DCN Responds to the US Request for Public Comment on Desirable Characteristics of Data Repositories

We’d like to share the Data Curation Network (DCN) response to the White House Office of Science and Technology Policy request for public comment on Draft Desirable Characteristics of Repositories for Managing and Sharing Data Resulting From Federally Funded Research posted January 17, 2020 as document 85 FR 3085 in the Federal Register.

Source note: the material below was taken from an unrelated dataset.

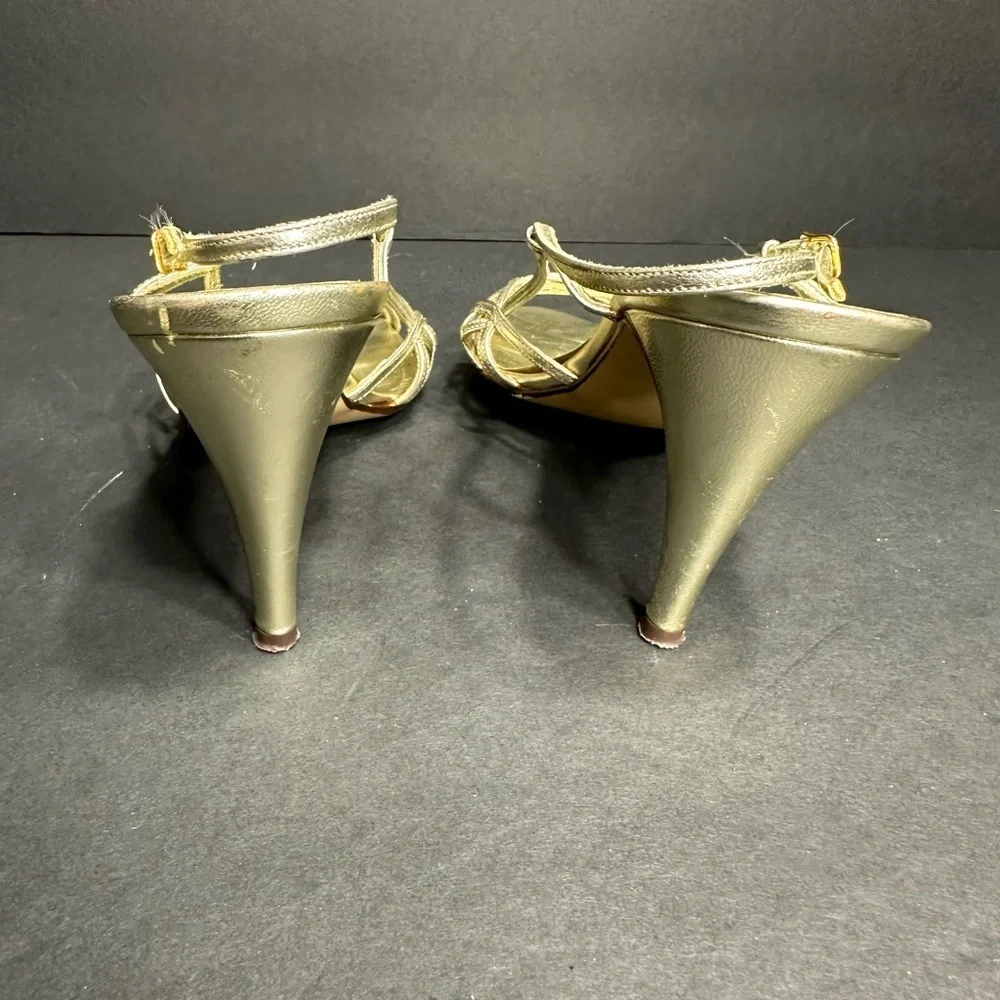 GARaLOMI Gold Strappy Heels size 6.5 pre owned Exellent condition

Our team, a collaboration of 10 academic and general data repositories that share data curator expertise to overcome common challenges, generally agrees with all of the desired characteristics. So rather than echo what SPARC and CORE have expertly framed in their response, we would like to drill down on two characteristics in greater detail:

Curation & Quality Assurance
Free & Easy to Access and Reuse

Curation & Quality Assurance: Provides, or has a mechanism for others to provide, expert curation and quality assurance to improve the accuracy and integrity of datasets and metadata.

“Curation” is a term that may have multiple meanings depending on context and perspective. We recommend that the OSTP adopt a clear definition of “curation” to aid both researchers and repositories in understanding and adhering to expectations in managing and sharing data. Our preferred definition of curation is the “activity of managing and promoting the use of data from their point of creation to ensure that they are fit for contemporary purpose and available for discovery and reuse” from the CoreTrustSeal Trustworthy Data Repositories Requirements: Glossary 2020–2022 (Version v02_00-2020-2022).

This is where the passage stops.